» **TASK GOAL**: Can the data below be echoed back word for word?

Dataset entries:
------------------------------------------------------------
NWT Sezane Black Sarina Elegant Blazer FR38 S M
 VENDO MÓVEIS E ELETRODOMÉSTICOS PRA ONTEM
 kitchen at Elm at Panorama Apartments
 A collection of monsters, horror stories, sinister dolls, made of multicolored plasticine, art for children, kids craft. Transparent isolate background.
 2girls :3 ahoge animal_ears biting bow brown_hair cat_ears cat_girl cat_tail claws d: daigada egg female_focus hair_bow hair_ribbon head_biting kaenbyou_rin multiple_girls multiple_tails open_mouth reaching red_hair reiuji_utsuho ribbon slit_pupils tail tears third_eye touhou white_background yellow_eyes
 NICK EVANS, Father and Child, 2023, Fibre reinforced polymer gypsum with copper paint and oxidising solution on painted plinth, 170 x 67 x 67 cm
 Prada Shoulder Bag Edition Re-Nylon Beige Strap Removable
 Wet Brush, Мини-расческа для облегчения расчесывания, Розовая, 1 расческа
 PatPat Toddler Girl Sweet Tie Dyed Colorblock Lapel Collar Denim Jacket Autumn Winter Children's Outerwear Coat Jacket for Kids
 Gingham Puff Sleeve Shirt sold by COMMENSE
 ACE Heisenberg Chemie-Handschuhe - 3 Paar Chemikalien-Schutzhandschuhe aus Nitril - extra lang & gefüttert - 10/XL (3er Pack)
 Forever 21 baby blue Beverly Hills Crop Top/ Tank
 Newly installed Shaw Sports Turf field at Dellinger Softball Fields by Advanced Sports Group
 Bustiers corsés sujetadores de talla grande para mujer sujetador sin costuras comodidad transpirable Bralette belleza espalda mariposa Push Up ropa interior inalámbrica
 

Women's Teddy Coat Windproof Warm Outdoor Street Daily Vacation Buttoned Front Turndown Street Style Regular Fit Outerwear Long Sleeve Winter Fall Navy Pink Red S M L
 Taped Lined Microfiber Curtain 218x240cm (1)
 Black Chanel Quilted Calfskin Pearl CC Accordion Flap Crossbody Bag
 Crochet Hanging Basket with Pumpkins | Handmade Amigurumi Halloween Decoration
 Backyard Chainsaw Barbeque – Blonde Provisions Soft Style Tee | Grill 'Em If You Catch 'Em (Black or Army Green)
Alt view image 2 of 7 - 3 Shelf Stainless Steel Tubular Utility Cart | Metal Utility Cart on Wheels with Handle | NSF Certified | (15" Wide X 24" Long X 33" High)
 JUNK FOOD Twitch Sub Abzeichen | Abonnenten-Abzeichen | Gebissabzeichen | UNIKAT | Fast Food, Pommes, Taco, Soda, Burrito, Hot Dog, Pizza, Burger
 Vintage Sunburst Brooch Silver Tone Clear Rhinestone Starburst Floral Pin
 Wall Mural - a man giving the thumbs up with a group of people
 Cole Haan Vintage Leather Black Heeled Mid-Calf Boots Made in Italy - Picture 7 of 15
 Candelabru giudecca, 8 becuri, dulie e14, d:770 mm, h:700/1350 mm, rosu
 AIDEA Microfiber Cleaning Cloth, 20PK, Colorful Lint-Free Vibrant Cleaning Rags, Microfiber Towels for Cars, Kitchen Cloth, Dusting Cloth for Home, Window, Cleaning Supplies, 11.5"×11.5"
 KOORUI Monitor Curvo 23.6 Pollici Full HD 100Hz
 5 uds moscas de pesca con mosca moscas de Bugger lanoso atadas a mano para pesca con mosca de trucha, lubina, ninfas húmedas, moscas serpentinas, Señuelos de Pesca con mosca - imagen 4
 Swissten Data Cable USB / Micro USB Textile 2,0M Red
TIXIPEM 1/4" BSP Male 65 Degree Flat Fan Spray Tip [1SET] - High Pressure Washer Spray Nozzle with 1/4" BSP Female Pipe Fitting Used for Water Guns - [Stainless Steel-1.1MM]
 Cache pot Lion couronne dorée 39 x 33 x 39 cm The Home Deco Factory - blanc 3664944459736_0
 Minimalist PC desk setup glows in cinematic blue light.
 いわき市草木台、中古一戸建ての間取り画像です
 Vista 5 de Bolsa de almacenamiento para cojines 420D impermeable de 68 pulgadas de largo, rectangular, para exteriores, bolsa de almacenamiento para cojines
------------------------------------------------------------
» **RESPONSE TO THIS TASK**:
NWT Sezane Black Sarina Elegant Blazer FR38 S M
 VENDO MÓVEIS E ELETRODOMÉSTICOS PRA ONTEM
 kitchen at Elm at Panorama Apartments
 A collection of monsters, horror stories, sinister dolls, made of multicolored plasticine, art for children, kids craft. Transparent isolate background.
 2girls :3 ahoge animal_ears biting bow brown_hair cat_ears cat_girl cat_tail claws d: daigada egg female_focus hair_bow hair_ribbon head_biting kaenbyou_rin multiple_girls multiple_tails open_mouth reaching red_hair reiuji_utsuho ribbon slit_pupils tail tears third_eye touhou white_background yellow_eyes
 NICK EVANS, Father and Child, 2023, Fibre reinforced polymer gypsum with copper paint and oxidising solution on painted plinth, 170 x 67 x 67 cm
 Prada Shoulder Bag Edition Re-Nylon Beige Strap Removable
 Wet Brush, Мини-расческа для облегчения расчесывания, Розовая, 1 расческа
 PatPat Toddler Girl Sweet Tie Dyed Colorblock Lapel Collar Denim Jacket Autumn Winter Children's Outerwear Coat Jacket for Kids
 Gingham Puff Sleeve Shirt sold by COMMENSE
 ACE Heisenberg Chemie-Handschuhe - 3 Paar Chemikalien-Schutzhandschuhe aus Nitril - extra lang & gefüttert - 10/XL (3er Pack)
 Forever 21 baby blue Beverly Hills Crop Top/ Tank
 Newly installed Shaw Sports Turf field at Dellinger Softball Fields by Advanced Sports Group
 Bustiers corsés sujetadores de talla grande para mujer sujetador sin costuras comodidad transpirable Bralette belleza espalda mariposa Push Up ropa interior inalámbrica
 

Women's Teddy Coat Windproof Warm Outdoor Street Daily Vacation Buttoned Front Turndown Street Style Regular Fit Outerwear Long Sleeve Winter Fall Navy Pink Red S M L
 Taped Lined Microfiber Curtain 218x240cm (1)
 Black Chanel Quilted Calfskin Pearl CC Accordion Flap Crossbody Bag
 Crochet Hanging Basket with Pumpkins | Handmade Amigurumi Halloween Decoration
 Backyard Chainsaw Barbeque – Blonde Provisions Soft Style Tee | Grill 'Em If You Catch 'Em (Black or Army Green)
Alt view image 2 of 7 - 3 Shelf Stainless Steel Tubular Utility Cart | Metal Utility Cart on Wheels with Handle | NSF Certified | (15" Wide X 24" Long X 33" High)
 JUNK FOOD Twitch Sub Abzeichen | Abonnenten-Abzeichen | Gebissabzeichen | UNIKAT | Fast Food, Pommes, Taco, Soda, Burrito, Hot Dog, Pizza, Burger
 Vintage Sunburst Brooch Silver Tone Clear Rhinestone Starburst Floral Pin
 Wall Mural - a man giving the thumbs up with a group of people
 Cole Haan Vintage Leather Black Heeled Mid-Calf Boots Made in Italy - Picture 7 of 15
 Candelabru giudecca, 8 becuri, dulie e14, d:770 mm, h:700/1350 mm, rosu
 AIDEA Microfiber Cleaning Cloth, 20PK, Colorful Lint-Free Vibrant Cleaning Rags, Microfiber Towels for Cars, Kitchen Cloth, Dusting Cloth for Home, Window, Cleaning Supplies, 11.5"×11.5"
 KOORUI Monitor Curvo 23.6 Pollici Full HD 100Hz
 5 uds moscas de pesca con mosca moscas de Bugger lanoso atadas a mano para pesca con mosca de trucha, lubina, ninfas húmedas, moscas serpentinas, Señuelos de Pesca con mosca - imagen 4
 Swissten Data Cable USB / Micro USB Textile 2,0M Red
TIXIPEM 1/4" BSP Male 65 Degree Flat Fan Spray Tip [1SET] - High Pressure Washer Spray Nozzle with 1/4" BSP Female Pipe Fitting Used for Water Guns - [Stainless Steel-1.1MM]
 Cache pot Lion couronne dorée 39 x 33 x 39 cm The Home Deco Factory - blanc 3664944459736_0
 Minimalist PC desk setup glows in cinematic blue light.
 いわき市草木台、中古一戸建ての間取り画像です
 Vista 5 de Bolsa de almacenamiento para cojines 420D impermeable de 68 pulgadas de largo, rectangular, para exteriores, bolsa de almacenamiento para cojines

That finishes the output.